A shared view of software from development through production can unite a team's efforts toward common business goals and achievements. GitLab builds upon existing capabilities that help with collaborative development, reporting and organizing and managing work via epics, milestones and more. New and upcoming collaboration and reporting features include:

- Dashboards: The Operations dashboard is more customizable allowing multiple variables and security dashboards are now exportable for collaboration beyond GitLab users. Future releases will add Kubernetes Clusters to the dashboard to show, at a glance, all clusters and pods in use.

- Infrastructure as Code: GitLab’s best-of-breed Source Control and CI capabilities have attracted operations teams utilizing Infrastructure as Code practices to Gitlab. GitLab provides more native experiences for Kubernetes and HashiCorp Terraform but will continue to evolve first-class experiences for defining infrastructure right alongside code.

- Design Management: GitLab moved design management to core recognizing users who are designing products as individual contributors.

- Alert and Incident Management: Allows DevOps organizations to truly embrace collaboration between development and operations teams by routing their existing monitoring alerts to GitLab for alert triage and incident resolution with all the rich context from development activities.

Shifting security left by embedding application security testing within CI can help businesses embrace security and compliance controls end-to-end in the software development lifecycle. This also helps reduce risk while freeing up resources to focus on critical business needs. GitLab offers static application security testing (SAST), secrets detection, dynamic application security testing (DAST), dependency scanning, container scanning, and license compliance scanning, all included in GitLab’s continuous integration/continuous delivery (CI/CD) platform within GitLab’s Ultimate/Gold tier offering. New and upcoming security and compliance features include:

- Standalone Vulnerabilities: Rearchitects the way we manage vulnerabilities to unlock even more robust future capabilities to help users prioritize and manage vulnerabilities and their associated risk.

- Responsible Disclosure: By becoming a Common Vulnerabilities and Exposures (CVE) ID Numbering Authority (CNA), GitLab users can request a CVE from GitLab, either for GitLab itself or for any project hosted on GtLab.com. In the future, CVE IDs will be able to be requested directly from within the GitLab UI.
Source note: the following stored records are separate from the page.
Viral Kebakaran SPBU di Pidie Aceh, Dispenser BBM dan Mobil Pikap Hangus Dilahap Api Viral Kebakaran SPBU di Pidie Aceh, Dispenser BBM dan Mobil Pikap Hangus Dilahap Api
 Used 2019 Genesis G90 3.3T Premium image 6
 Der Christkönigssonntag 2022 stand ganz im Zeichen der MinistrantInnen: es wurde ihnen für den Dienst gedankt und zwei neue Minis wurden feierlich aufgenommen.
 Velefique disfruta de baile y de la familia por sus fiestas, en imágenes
- Security Scanning: To broaden the appeal to even more users, 13.0 offers SAST for .NET Framework and expands support for offline environments initially introduced in 12.10, along with DAST scans for REST APIs, and full commit history scan for secrets for even greater detection. Also, fuzz testing support will be introduced later this year.

- Container Network Security: A minimal viable change (MVC) for the integration of cloud-native security solutions for container behavior analytics provides visibility and protection into a user’s kubernetes environment. The addition of an out-of-the-box network policy set is planned for an upcoming release.
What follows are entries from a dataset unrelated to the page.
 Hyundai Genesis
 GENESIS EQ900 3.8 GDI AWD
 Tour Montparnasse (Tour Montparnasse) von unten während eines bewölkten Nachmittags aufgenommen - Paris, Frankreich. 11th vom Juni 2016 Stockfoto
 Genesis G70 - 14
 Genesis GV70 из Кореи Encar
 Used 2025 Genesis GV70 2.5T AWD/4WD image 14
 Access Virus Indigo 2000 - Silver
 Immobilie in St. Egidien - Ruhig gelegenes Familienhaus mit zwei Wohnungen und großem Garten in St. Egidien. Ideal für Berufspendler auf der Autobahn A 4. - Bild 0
- Compliance Management: Allows users to automate the ability to establish a compliance framework, adopt its regulatory controls, and simplify audit reporting. Along with this, we are working on an initial security policy user interface to simplify security guardrails.

- Secrets Management: Builds upon prior integration work and will soon give users the ability to secure secrets across services.

- Okta: When Okta SCIM (System for Cross-domain Identity Management) is provisioned for a GitLab group, membership of that group is now synchronized between GitLab and Okta reducing administrator time.

With the expansion of the GitLab Partner Program announced in April, GitLab is in a position where its technology and channel partnerships add complementary value around the GitLab product and joint customers’ ability to respond to the ever changing environment. Integrations with the major cloud providers, technology partners and channel partners’ service offerings enhance GitLab’s collective offerings to joint customers. Bringing this together, enables customers to be more responsive and resilient at a holistic level.

GitLab 13.0 release is available now.